July 27, 2020
I recently got an email from Rick Hanson's "Just One Thing" which really resonated, as this is where I am currently bringing attention in my own practice. I find myself a bit cranky, judgmental and feeling constricted more than I'd like to admit. Juggling how I relate to COVID 19, staying safe, supporting and honoring public health guidance. Participating in skillful ways to heightened awareness and responsibility related to racial injustice and the horror of our history as a nation, implicit bias, and to humanity everywhere. Seeing the stress of the economic impact of COVID 19 in my social and cultural circles and beyond. Politics. Navigating connections with family, friends and colleagues whose loved ones have lost their lives in this time of pandemic and the deep grief and sadness of not being able to engage with the rituals to which we are accustomed, to share with one another, grieve and heal. The many stresses and strains of everyday living woven into the fabric of this disease and unrest, intensifying all the experiences. A palpable fear and sadness energy which is exchanged with and from each experience I meet with others.

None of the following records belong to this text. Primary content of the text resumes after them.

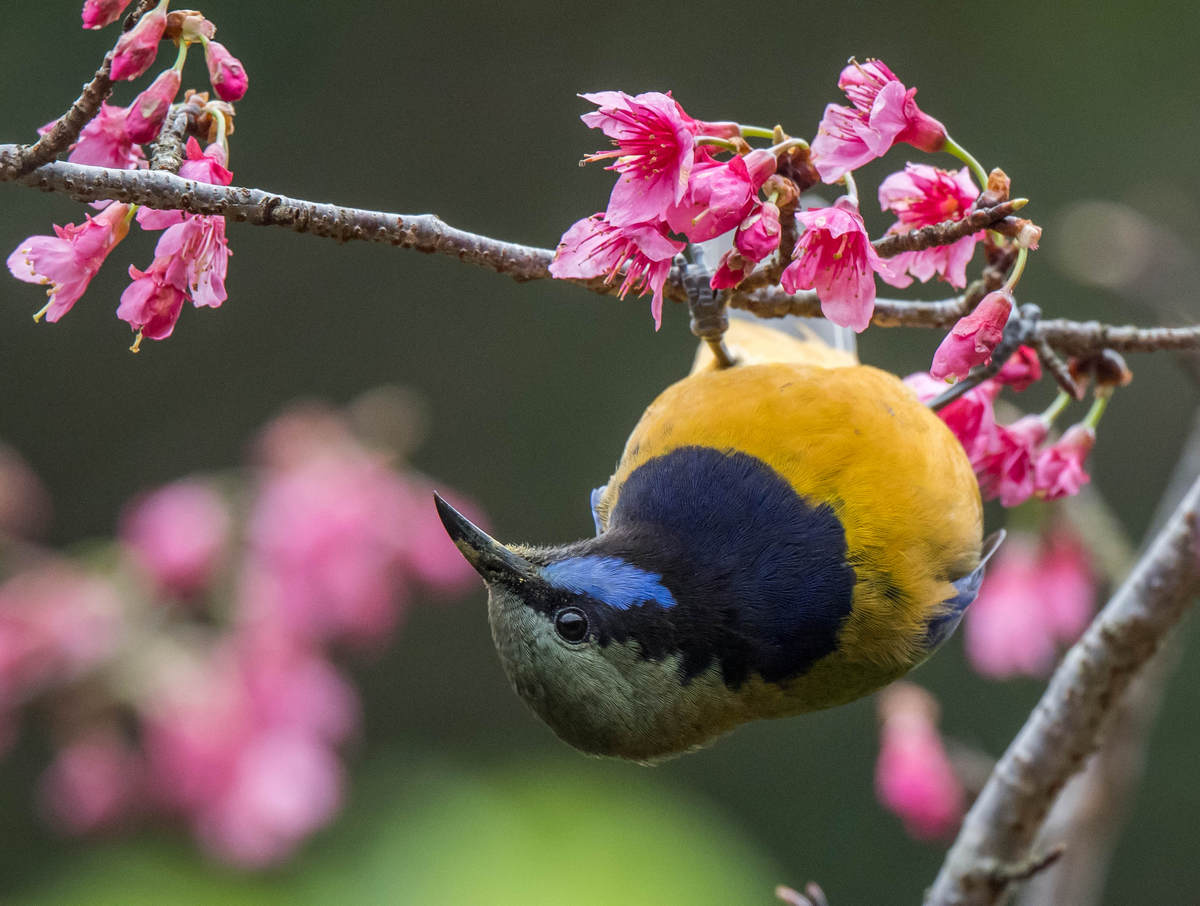 Orange-Bellied-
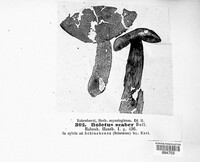 Leccinum scabrum image
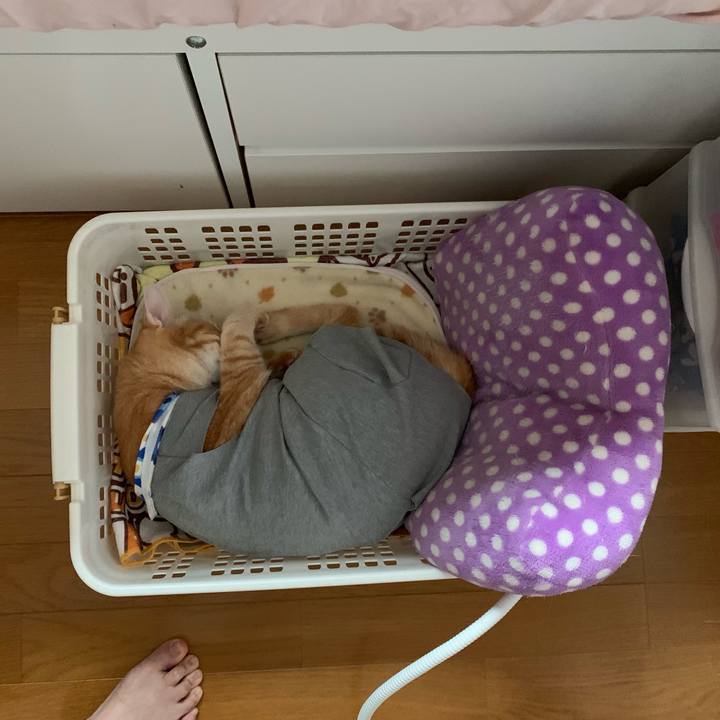 61b9a7d2 a95c 4faa b78a 319ddd518a5d 1569052366080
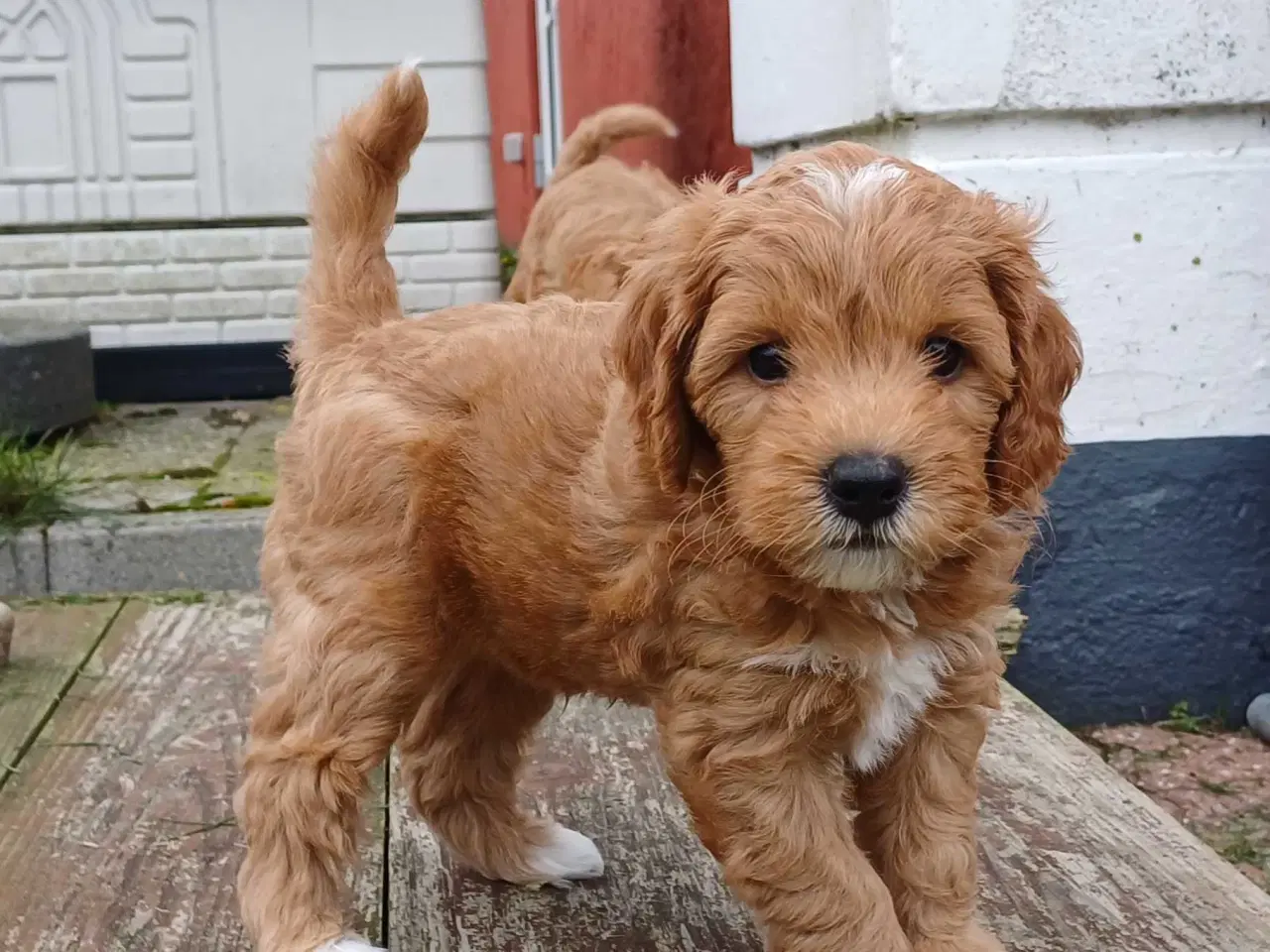 Billede 11 - Doodle hvalpe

As I touch in to these emotions which emerge, I meet this wish for freedom from fear and connect with the question “what doesn’t feel safe?” My teacher recently reminded me that the more we feel safe, the more we open. As I cultivate this practice I can really touch in to and know directly the constriction of fear, and recognize where the creep of tension and holding when it arrives, and which can then lead me to constriction in body, thoughts and emotions. Something opens and is released when I befriend what is here, simply because it is here. This opening happens when I can allow myself to really be with it all. In that moment I can see, feel and experience the good intentions in others and myself which lies beneath the fear or whatever strong emotion brings reactivity. Being forgiving and not clinging to the story around unskillful reactions from others and from myself. In that moment I see how I can choose to know, and look for, the good intentions which underlie the the difficult realities we are all facing. In that moment I am free and able to meet my own reactivity and the reactivity of others with compassion and a gesture of kindness, and it feels more skillful and patient. I find this practice of recognizing good intentions a very powerful practice. So the invitation is to consider the good intentions, just under the surface of the reactivity we may be meeting these days in ourselves and in others.
Here’s a link to the “Just One Thing” on Seeing Good Intentions.
Be well, be safe, and be looking for good intentions.